Long ago I remember hearing that there were 4 million people living in Ireland and 44 million Irish people living in the United States... Huge percentages of the populations in Canada's Atlantic provinces, especially Newfoundland and Labrador, are made up of people from Irish stock... An estimated one million people of Irish ancestry reside in Argentina...Ireland accounts for the second largest ancestry group in Australia... etc. etc.

When you consider the outsize influence Ireland's diaspora has had on the world, you really start to appreciate the role Irish genealogy plays in our affairs. We know the Beatles as an English band, but all of them except Ringo trace their ancestry to Ireland, not Liverpool...Oscar Wilde made his mark as London's biggest playwright, but was born in Dublin...John Wayne came from Irish stock and so did Maureen O'Hara, the smoking-hot redhead who often starred alongside him and is still alive and kicking at the age of 93.
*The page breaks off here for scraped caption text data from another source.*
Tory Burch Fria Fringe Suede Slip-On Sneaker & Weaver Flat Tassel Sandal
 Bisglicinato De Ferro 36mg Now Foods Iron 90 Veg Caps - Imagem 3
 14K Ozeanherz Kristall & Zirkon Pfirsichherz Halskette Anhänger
In the decisive decade of the Cold War, America's president was Ronald Reagan and Canada's prime minister was Brian Mulroney. Both were Irish by blood, and together they helped hasten the end of the Soviet Union. In the following decade, Irish-by-blood Tony Blair became the most influential British Prime Minister of the post-Thatcher era.

In the sports world, seemingly white-as-can-be boxing champ Jack Dempsey was an American of Irish descent -- and so was seemingly black-as-can-be boxing champ Muhammad Ali, whose great-grandfather was born in County Clare, on Ireland's west coast, before moving to America.

Still, genealogy and diaspora can't completely explain the global reach of St. Patrick's Day. Not when Japan (yes, Japan!) celebrates it not just on March 17th but all month long. Not when Russia's notoriously xenophobic government plays a part in staging an annual St. Patrick's Day parade in Moscow. And not when prickly French Montreal also hosts a parade.

Some things just can't be explained. And it's often better that way.